▸ **THE PROBLEM**
From the data below, return the exact lines starting at the line containing "DC 스니커즈 레오파드 무늬 24cm" and ending at the line containing "سلام عليكم 14برو", both included, and nothing else.

◆ ◆ ◆

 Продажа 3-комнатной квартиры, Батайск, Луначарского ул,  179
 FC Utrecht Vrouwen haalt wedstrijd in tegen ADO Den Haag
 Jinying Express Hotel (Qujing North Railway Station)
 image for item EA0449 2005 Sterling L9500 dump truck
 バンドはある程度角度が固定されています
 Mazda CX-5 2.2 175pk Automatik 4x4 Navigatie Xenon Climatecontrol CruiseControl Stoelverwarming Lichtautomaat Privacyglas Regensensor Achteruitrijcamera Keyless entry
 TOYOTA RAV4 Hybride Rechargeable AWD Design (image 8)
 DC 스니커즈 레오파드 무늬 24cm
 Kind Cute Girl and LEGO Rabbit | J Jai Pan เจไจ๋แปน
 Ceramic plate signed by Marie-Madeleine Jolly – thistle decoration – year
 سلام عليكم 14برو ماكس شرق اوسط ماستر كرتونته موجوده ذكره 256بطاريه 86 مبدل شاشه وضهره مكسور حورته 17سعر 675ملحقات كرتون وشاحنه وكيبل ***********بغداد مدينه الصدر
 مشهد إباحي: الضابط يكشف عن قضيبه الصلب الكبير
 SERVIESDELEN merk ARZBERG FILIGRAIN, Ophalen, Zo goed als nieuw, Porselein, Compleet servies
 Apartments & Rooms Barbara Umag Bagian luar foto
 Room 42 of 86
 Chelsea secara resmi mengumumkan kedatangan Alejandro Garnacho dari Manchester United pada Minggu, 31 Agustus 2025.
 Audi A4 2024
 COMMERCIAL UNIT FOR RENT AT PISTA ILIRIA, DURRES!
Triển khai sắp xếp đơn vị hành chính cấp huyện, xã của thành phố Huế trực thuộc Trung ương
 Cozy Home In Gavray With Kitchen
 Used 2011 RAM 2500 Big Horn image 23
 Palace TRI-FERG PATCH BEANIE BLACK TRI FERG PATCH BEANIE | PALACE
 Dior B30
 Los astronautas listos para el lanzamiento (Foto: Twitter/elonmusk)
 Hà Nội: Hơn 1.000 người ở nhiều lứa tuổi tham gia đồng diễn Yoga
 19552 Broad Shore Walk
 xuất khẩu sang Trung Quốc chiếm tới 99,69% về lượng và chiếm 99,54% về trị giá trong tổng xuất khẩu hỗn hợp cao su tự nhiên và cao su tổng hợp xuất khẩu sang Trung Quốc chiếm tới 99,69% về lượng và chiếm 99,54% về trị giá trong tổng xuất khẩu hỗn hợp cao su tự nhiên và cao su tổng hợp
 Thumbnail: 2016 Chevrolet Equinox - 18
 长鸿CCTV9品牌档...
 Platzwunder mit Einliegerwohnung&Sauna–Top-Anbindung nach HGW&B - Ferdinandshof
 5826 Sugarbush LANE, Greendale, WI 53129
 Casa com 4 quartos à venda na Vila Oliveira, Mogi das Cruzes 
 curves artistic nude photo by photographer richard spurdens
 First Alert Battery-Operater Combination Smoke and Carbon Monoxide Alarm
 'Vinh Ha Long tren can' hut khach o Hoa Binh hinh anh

◆ ◆ ◆

▸ **COMPLETED EXERCISE**
 DC 스니커즈 레오파드 무늬 24cm
 Kind Cute Girl and LEGO Rabbit | J Jai Pan เจไจ๋แปน
 Ceramic plate signed by Marie-Madeleine Jolly – thistle decoration – year
 سلام عليكم 14برو ماكس شرق اوسط ماستر كرتونته موجوده ذكره 256بطاريه 86 مبدل شاشه وضهره مكسور حورته 17سعر 675ملحقات كرتون وشاحنه وكيبل ***********بغداد مدينه الصدر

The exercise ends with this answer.